# devlog 2024-04-25

_Author: Tyler Coles_

Testing cache utilities. This script:
1. tests that reading and writing from archives works,
2. checks that we can choose to gzip or not, and
3. measures the impact of gzipping on read/write time and file size.

In [2]:
import os
import shutil
import tempfile

from epymorph import geo_library
from epymorph.geo.static import StaticGeoFileOps as F

# Our subject geo can be anything, but this one is a useful demo because it's sizeable.
geo = geo_library['maricopa_cbg_2019']()

tempdir = tempfile.mkdtemp()

print("Save a geo without compression:")
%timeit F.save_as_archive(geo, f"{tempdir}/geo.tar")
print("Read a geo without compression:")
%timeit F.load_from_archive(f"{tempdir}/geo.tar")

print()

print("Save a geo compressed:")
%timeit F.save_as_archive(geo, f"{tempdir}/geo.tgz")
print("Read a geo with compression:")
%timeit F.load_from_archive(f"{tempdir}/geo.tgz")

print()

size_tar = os.path.getsize(f"{tempdir}/geo.tar")
size_tgz = os.path.getsize(f"{tempdir}/geo.tgz")

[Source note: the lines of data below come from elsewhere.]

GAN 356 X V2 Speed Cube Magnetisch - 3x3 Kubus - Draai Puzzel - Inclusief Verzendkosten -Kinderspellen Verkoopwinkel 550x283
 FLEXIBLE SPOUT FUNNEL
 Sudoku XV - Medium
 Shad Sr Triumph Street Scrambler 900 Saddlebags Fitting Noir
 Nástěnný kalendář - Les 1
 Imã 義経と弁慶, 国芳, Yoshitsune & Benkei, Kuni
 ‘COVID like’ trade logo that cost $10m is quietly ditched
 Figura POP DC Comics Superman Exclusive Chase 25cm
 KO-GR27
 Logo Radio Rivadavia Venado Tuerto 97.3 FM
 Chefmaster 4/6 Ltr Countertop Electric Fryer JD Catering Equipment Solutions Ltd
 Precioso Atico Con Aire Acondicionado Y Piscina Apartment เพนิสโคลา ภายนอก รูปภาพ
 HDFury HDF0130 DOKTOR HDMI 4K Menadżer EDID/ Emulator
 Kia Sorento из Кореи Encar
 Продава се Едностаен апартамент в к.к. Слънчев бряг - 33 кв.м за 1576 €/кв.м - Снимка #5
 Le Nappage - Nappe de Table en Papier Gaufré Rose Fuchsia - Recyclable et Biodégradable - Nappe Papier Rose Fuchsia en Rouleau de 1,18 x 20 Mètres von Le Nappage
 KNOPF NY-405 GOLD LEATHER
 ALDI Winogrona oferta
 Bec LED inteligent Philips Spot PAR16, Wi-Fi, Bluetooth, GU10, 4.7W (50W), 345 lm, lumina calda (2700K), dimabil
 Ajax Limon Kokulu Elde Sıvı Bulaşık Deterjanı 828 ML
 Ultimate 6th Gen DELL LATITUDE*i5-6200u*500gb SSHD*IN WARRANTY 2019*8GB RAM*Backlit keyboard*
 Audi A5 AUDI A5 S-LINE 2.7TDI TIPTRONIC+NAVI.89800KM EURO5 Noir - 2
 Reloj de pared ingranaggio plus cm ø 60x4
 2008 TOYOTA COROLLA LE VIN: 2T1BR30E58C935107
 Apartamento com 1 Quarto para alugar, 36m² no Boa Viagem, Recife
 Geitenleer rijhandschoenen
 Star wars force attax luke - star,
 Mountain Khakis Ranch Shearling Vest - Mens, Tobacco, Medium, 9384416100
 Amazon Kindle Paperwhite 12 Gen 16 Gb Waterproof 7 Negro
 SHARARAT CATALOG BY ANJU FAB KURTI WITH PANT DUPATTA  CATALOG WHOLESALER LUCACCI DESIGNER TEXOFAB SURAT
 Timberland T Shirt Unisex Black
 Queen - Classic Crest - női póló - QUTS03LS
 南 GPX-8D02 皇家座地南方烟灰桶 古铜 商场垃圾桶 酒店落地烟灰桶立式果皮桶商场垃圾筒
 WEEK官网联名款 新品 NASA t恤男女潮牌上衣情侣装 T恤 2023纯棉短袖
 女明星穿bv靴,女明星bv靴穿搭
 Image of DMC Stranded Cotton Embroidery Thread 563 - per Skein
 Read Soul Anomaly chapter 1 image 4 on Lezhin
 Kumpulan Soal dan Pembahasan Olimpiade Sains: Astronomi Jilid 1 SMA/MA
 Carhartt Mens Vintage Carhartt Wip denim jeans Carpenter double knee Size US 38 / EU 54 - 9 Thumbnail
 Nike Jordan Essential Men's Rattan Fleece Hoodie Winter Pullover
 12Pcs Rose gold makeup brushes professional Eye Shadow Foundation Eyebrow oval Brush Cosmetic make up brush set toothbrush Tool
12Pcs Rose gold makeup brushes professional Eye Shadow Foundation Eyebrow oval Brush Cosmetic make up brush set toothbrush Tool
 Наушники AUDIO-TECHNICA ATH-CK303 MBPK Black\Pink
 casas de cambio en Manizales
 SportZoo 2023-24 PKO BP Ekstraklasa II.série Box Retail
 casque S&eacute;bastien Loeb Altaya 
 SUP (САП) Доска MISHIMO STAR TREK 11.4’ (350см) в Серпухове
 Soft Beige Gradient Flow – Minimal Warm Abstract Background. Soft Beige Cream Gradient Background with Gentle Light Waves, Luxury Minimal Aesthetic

print(f"Bytes as a tar: {size_tar:>9,}")
print(f"Bytes as a tgz: {size_tgz:>9,}")
print(f"Compression ratio: {(size_tgz / size_tar):.1%}")

shutil.rmtree(tempdir)

# NOTE: the %timeit magics break isort and autopep8, so you're on your own for formatting

Save a geo without compression:
17.8 ms ± 2.71 ms per loop (mean ± std. dev. of 7 runs, 100 loops each)
Read a geo without compression:
3.74 ms ± 73.2 µs per loop (mean ± std. dev. of 7 runs, 100 loops each)

Save a geo compressed:
20.6 ms ± 134 µs per loop (mean ± std. dev. of 7 runs, 10 loops each)
Read a geo with compression:
4.87 ms ± 57.6 µs per loop (mean ± std. dev. of 7 runs, 100 loops each)

Bytes as a tar:   153,600
Bytes as a tgz:   134,722
Compression ratio: 87.7%


## Conclusion

We get decent savings in bytes by storing geos gzipped, and it doesn't take much longer to read and write. ✓